NABUは、「事実上、年間収益が2000億フリヴニャを超える戦略的企業の運営が、公式な役人ではなく、いかなる正式な権限も持たない、『監視』の役割を担った部外者によって行われていた」と説明している。
違法に取得した資金の合法化(洗浄)の機能を担っていたのは、キーウ中心部にある犯罪組織の別のオフィスだったという。
そのオフィスは、NABUとSAPが別の刑事訴訟で起訴している元ウクライナ最高会議議員(国会議員)で、現在はロシア連邦上院議員となっている、アンドリー・デルカチ氏の家族が所有していたものだという。
このオフィスを通じて、手に入れた資金の厳格な会計管理、「裏帳簿」の作成、非居住者企業のネットワークを通じた資金洗浄が行われていたという。特に現金の支給などといった、取引の大部分はウクライナ国外で行われていたという。

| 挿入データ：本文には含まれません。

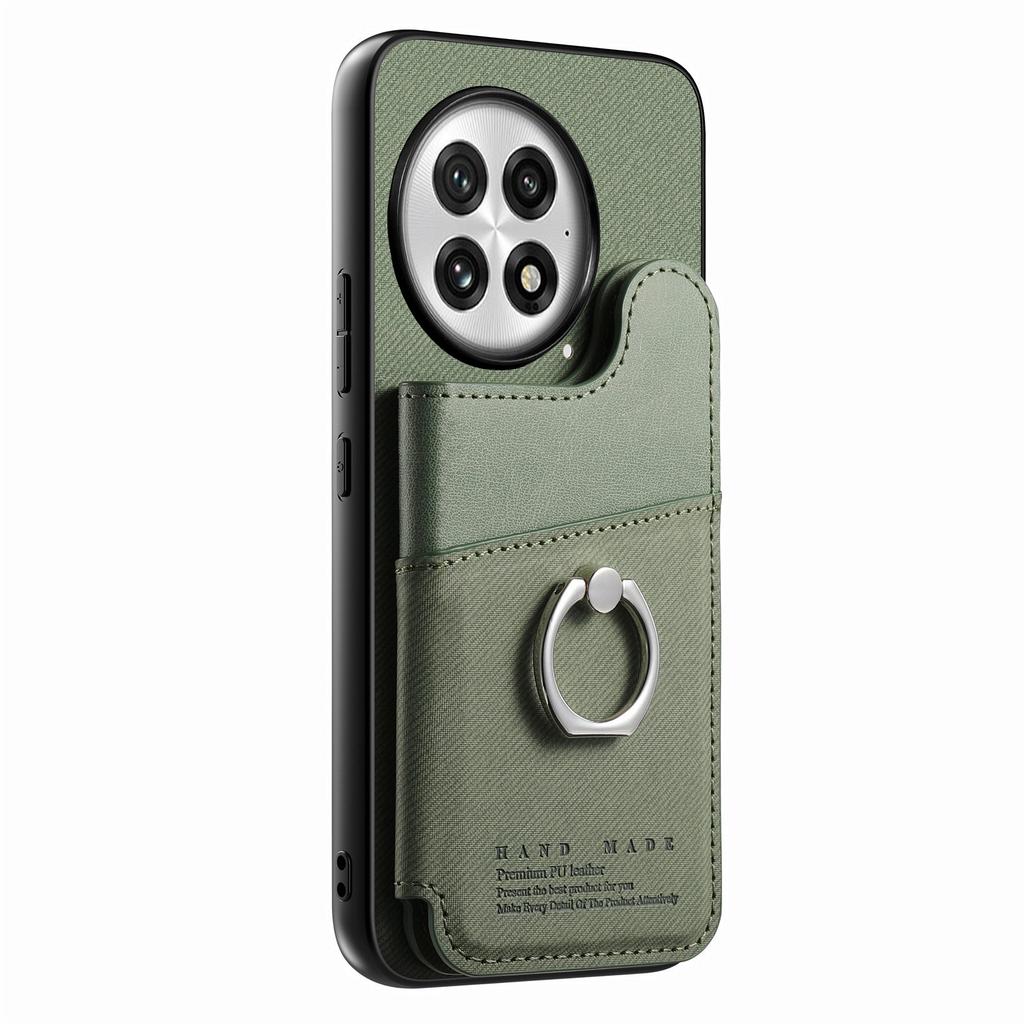 For OnePlus 13 Case with Card Holder Kickstand Leather+TPU+PC Phone Cover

犯罪組織の非構成員にサービスを提供する場合には、このオフィスは処理された総額からの何パーセンテージ、という形で報酬を受け取っていたという。
彼らの活動が記録された期間の間、この通称「洗濯機」を経由して「洗浄」された資金は総額約1億米ドルに上ったという。
この犯罪組織の活動を記録することを目的としたこの特別作戦は、2024年夏から15か月以上にわたって行われたという。NABUは、この間に大量のデータを集め、数千時間に及ぶ音声録音を取得したと伝えた。
そして、最終段階ではNABUのほぼ全捜査官が作戦に動員されたと書かれている。
裁判所の決定に基づき、キーウおよびその他の地域で70件以上の捜索が行われ、大量の文書と現金が押収されたとある。
NABUの捜査官とSAPの検察官は、引き続き犯罪組織の他の参加者の特定作業をしているとし、「捜査は続いている」と伝えている。
これに先立ち、10日、ウクライナの政権高官の汚職犯罪に特化した捜査機関「国家汚職対策局」(NABU)の捜査官が、ビジネスマンでゼレンシキー宇大統領がかつて所属していた「第95街区」のスタジオ共同所有者であるティムール・ミンジチ氏と、以前エネルギー相を務めていたヘルマン・ハルシチェンコ司法相の家宅捜索を実施していた。
また、ウクライナ閣僚会議(内閣)は12日、汚職犯罪事件の捜査で家宅捜索を受けたヘルマン・ハルシチェンコ司法相の職務を停止している。